Integrated gene set enrichment analysis (GSEA) and network analysis of upregulated processes in alveolar macrophages of mice exposed to chronic MWCNT. In the figure, each sphere designates an enriched gene set with its size being proportional to the number of its gene members. Since biological pathways share many common genes, connectivity lines have been drawn to show these interpathway relationships. Note that the topology of the enrichment network is characterized by groupings of highly connected gene sets based on the extent of overlap among their member genes. These modules have distinctive functional attributes including immunity, oxidative phosphorylation, extracellular matrix, cell cycle, and metabolism. A few selective pathways in each module have been labeled, with the complete list available in Supplemental Table S5.

Fig. 5.

GSEA membership depiction of common and divergent enrichment of pathways between the MWCNT murine model and human sarcoidosis. Representative upregulated gene sets are shown, highlighting overlapping functional themes between the animal model and sarcoidosis, but also demonstrating differences. Each enriched pathway (gray box) was significant at FDR < 0.05. Complete list of pathways are provided in Supplemental Tables S5 and S6.

Fig. 6.

Network analysis of differentially expressed genes common to human sarcoidosis and the MWCNT murine model. The topology of this gene product interactome is highlighted by several densely connected nodes involved in immunity including interferon-γ (IFNG), signal transducer and activator of transcription 4 (STAT4), and lymphocyte protein tyrosine kinase (LCK) but also includes matrix remodeling genes such as cathepsin K (CTSK) and macrophage elastase (MMP12).
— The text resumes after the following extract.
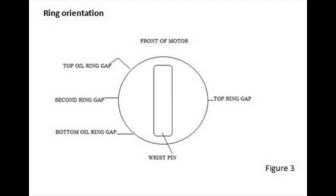Now you want to clock your piston ring gaps. The front of the motor is facing at the top of the screen, and the transmission side is at the bottom. The top ring is clocked around 3 o'clock. The second ring is at 9 o'clock. The top oil ring gap is about 10 o'clock, and the bottom oil ring gap is about 8 o'clock.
This cross species network may represent putative critical drivers of chronic granulomatous inflammation.

Fig. 7.

Quantitative PCR validation of 4 network genes (from Fig. 6) identified as commonly upregulated in mouse MWCNT model and human sarcoidosis. Alveolar macrophages from an independent set of MWCNT exposures and controls (n = 4 mice per group; A) and bronchoalveolar lavage cells from sarcoidosis patients and healthy controls (n = 6–7 subjects per group; B) were used for confirmation.